Running an external model on the command line¶

Models that are compatible with CHAP can be used with the chap evaluate command:

$ chap evaluate --model-name /path/to/your/model/directory --dataset-name ISIMIP_dengue_harmonized --dataset-country brazil --report-filename report.pdf --ignore-environment  --debug

Note the --ignore-environment in the above command. This means that we don’t ask CHAP to use Docker or a Python environment when running the model. This can be useful when developing and testing custom models before deploying them to a production environment. Instead the model will be run directly using the current environment you are in. This usually works fine when developing a model, but requires you to have both chap-core and the dependencies of your model available.

As an example, the following command runs the chap_auto_ewars model on public ISMIP data for Brazil (this does not use –ignore-environment and will set up a docker container based on the specifications in the MLproject file of the model):

$ chap evaluate --model-name https://github.com/dhis2-chap/chap_auto_ewars --dataset-name ISIMIP_dengue_harmonized --dataset-country brazil

If the above command runs without any error messages, you have successfully evaluated the model through CHAP, and a file report.pdf should have been generated with predictions for various regions.

A folder runs/model_name/latest should also have been generated that contains copy of your model directory along with data files used. This can be useful to inspect if something goes wrong.

External models can be run on the command line using the chap evaluate command. See chap evaluate --help for details.

This example runs an auto ewars R model on public ISMIP data for Brazil using a public docker image with the R inla package. After running, a report file report.pdf should be made.

Passing model-specific options to the model¶

We are currently working on experimental functionality for passing options and other parameters through Chap to the model.

The first way we plan to support this is when evaluating a model using the chap evaluate command.

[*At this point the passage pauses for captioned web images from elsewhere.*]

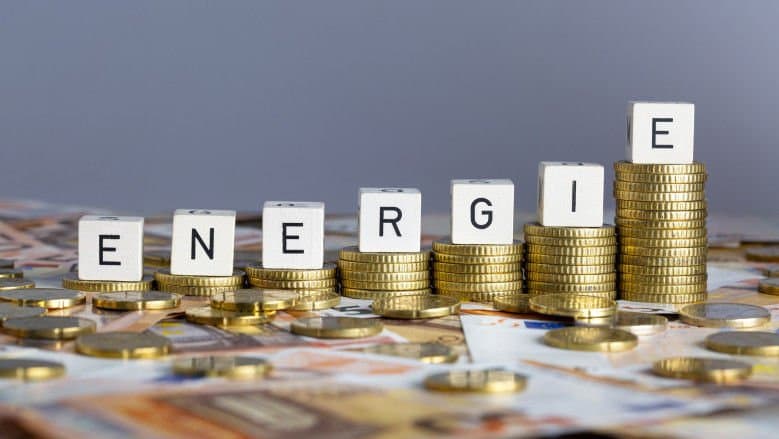 Linii de înaltă tensiune și stâlpi de electricitate pe un câmp, iarna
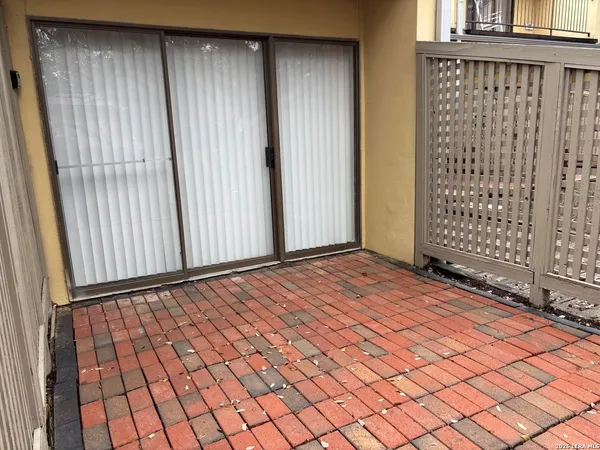 $1,350 | 8642 Fredericksburg Road, Unit 106, San Antonio, TX 78240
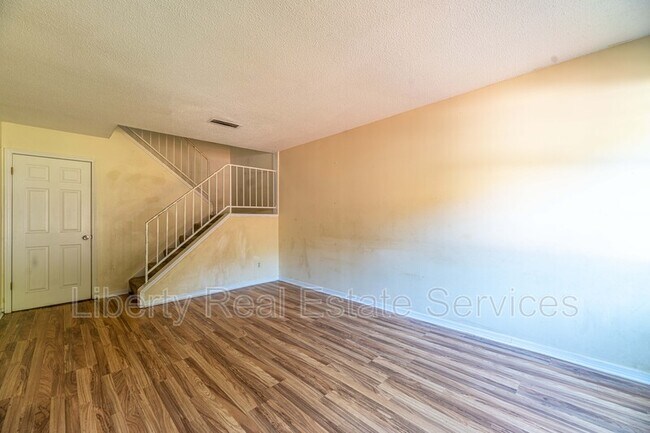 Foto del edificio - 720 Elaine St
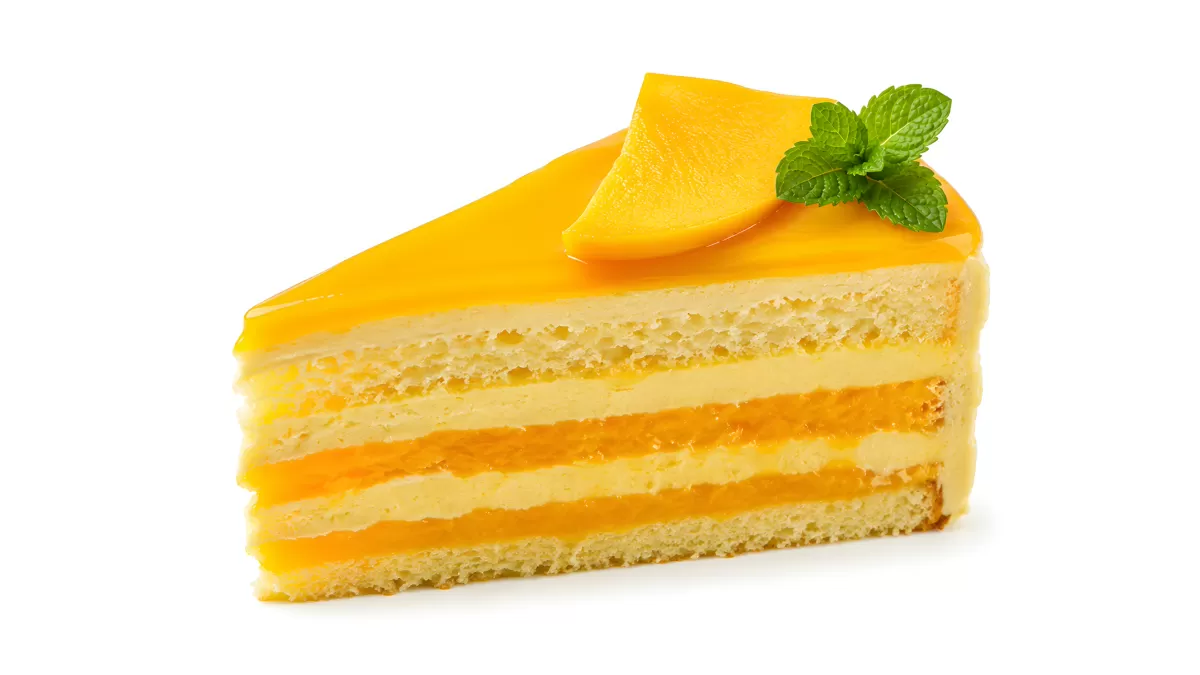 Mangotorte Stück mit Gelee und Minzblättern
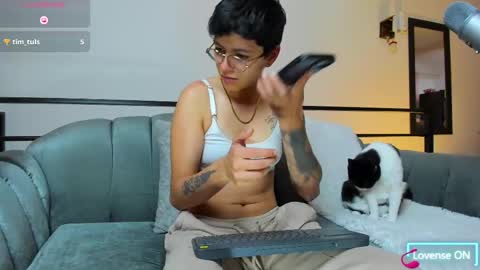 Snapshot of dass_roman chatting on September 2025 08:23:01 PM Dass Roman online show from September 2025 08:23:01 PM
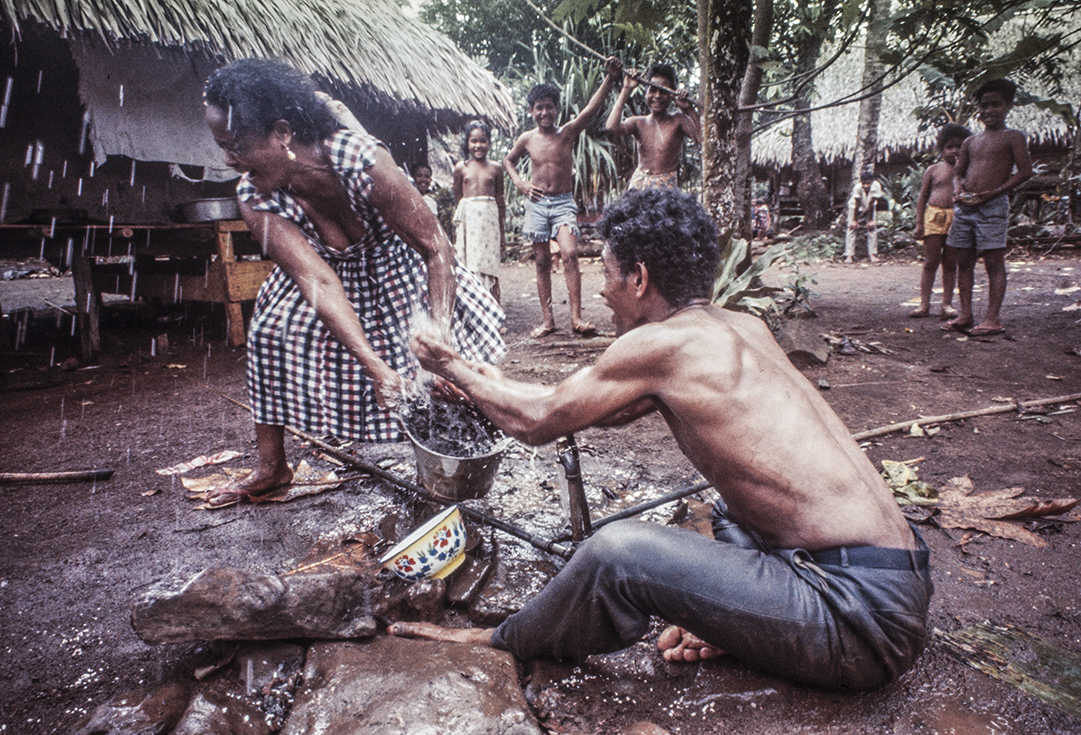 3151-15.jpg
It's water tossing time... : Kapinga Village : Clayton Price Photographer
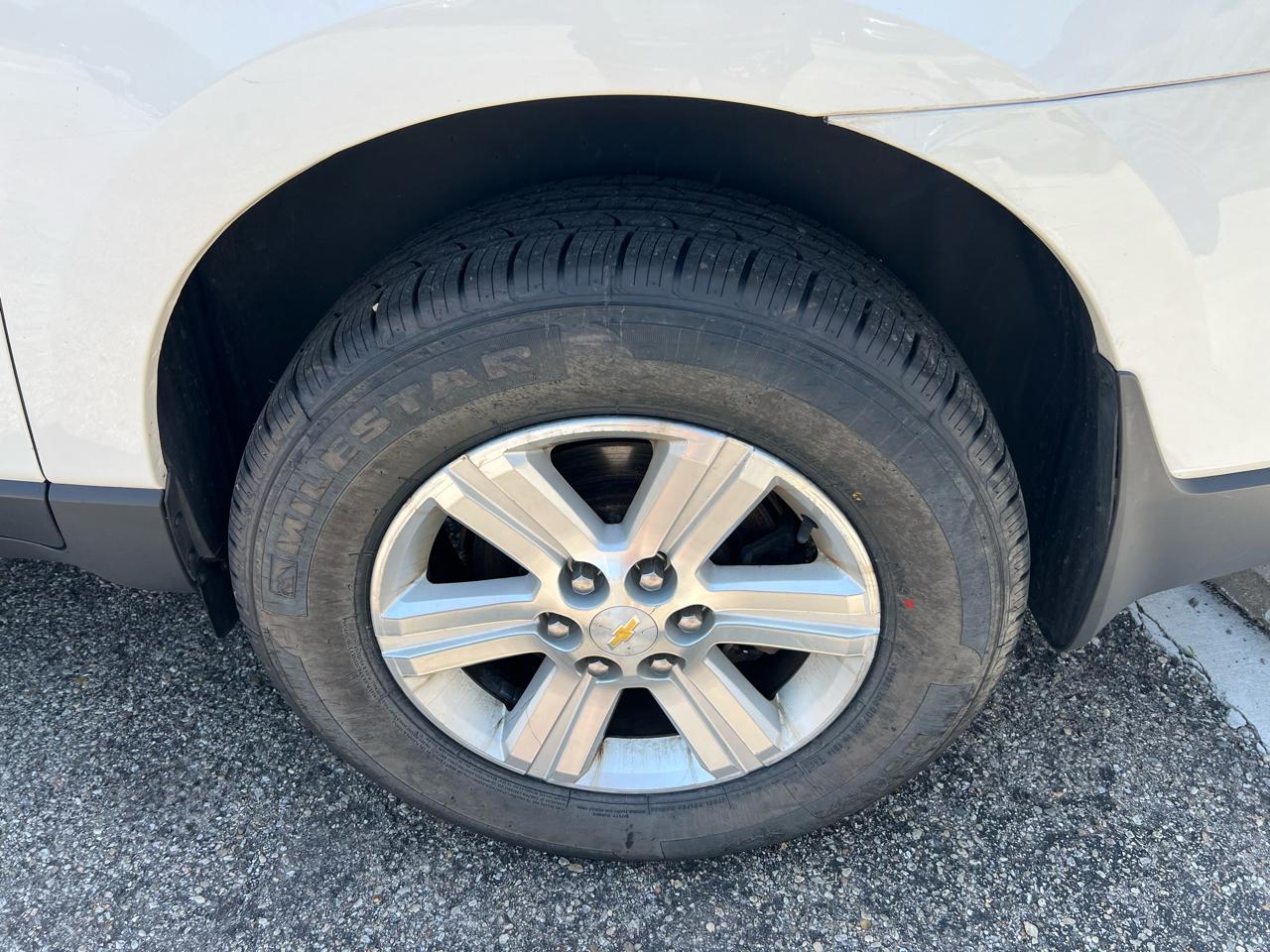 Chevrolet Traverse 1LT FWD 2014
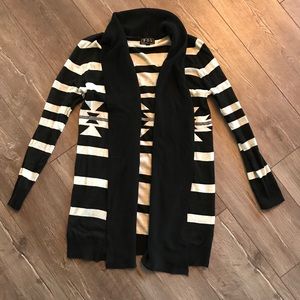 Light weight cardigan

This functionality is under development. Below is a minimal working example using the model naive_python_model_with_mlproject_file_and_docker. This model has a user_option some_option, which we can specify in a yaml file:

chap evaluate --model-name external_models/naive_python_model_with_mlproject_file_and_docker/ --dataset-name ISIMIP_dengue_harmonized --dataset-country vietnam --n-splits 2 --model-configuration-yaml external_models/naive_python_model_with_mlproject_file_and_docker/example_model_configuration.yaml

Running an external model in Python¶

CHAP contains an API for loading models through Python. The following shows an example of loading and evaluating three different models by specifying paths/github urls, and evaluating those models:

import pandas as pd

from chap_core.assessment.prediction_evaluator import evaluate_model
from chap_core.external.external_model import get_model_from_directory_or_github_url
from chap_core.file_io.file_paths import get_models_path
from chap_core.file_io.example_data_set import datasets
import logging

if __name__ == '__main__':
    logging.basicConfig(level=logging.INFO)
    models_path = get_models_path()
    model_names = {
        #'deepar': models_path / 'deepar',
        'naive_model': models_path / 'naive_python_model_with_mlproject_file',
        # 'ewars': 'https://github.com/sandvelab/chap_auto_ewars'
    }

    dataset = datasets['ISIMIP_dengue_harmonized'].load()
    dataset = dataset['vietnam']
    n_tests = 7
    prediction_length = 6
    all_results = {}
    for name, model_name in model_names.items():
        model = get_model_from_directory_or_github_url(model_name)
        results = evaluate_model(model, dataset,
                                 prediction_length=prediction_length,
                                 n_test_sets=n_tests,
                                 report_filename=f'{name}_{n_tests}_{prediction_length}_report.pdf')
        all_results[name] = results

    report_file = 'evaluation_report.csv'
    df = pd.DataFrame([res[0] | {'model': name} for name, res in all_results.items()])
    df.to_csv(report_file, mode='w', header=True)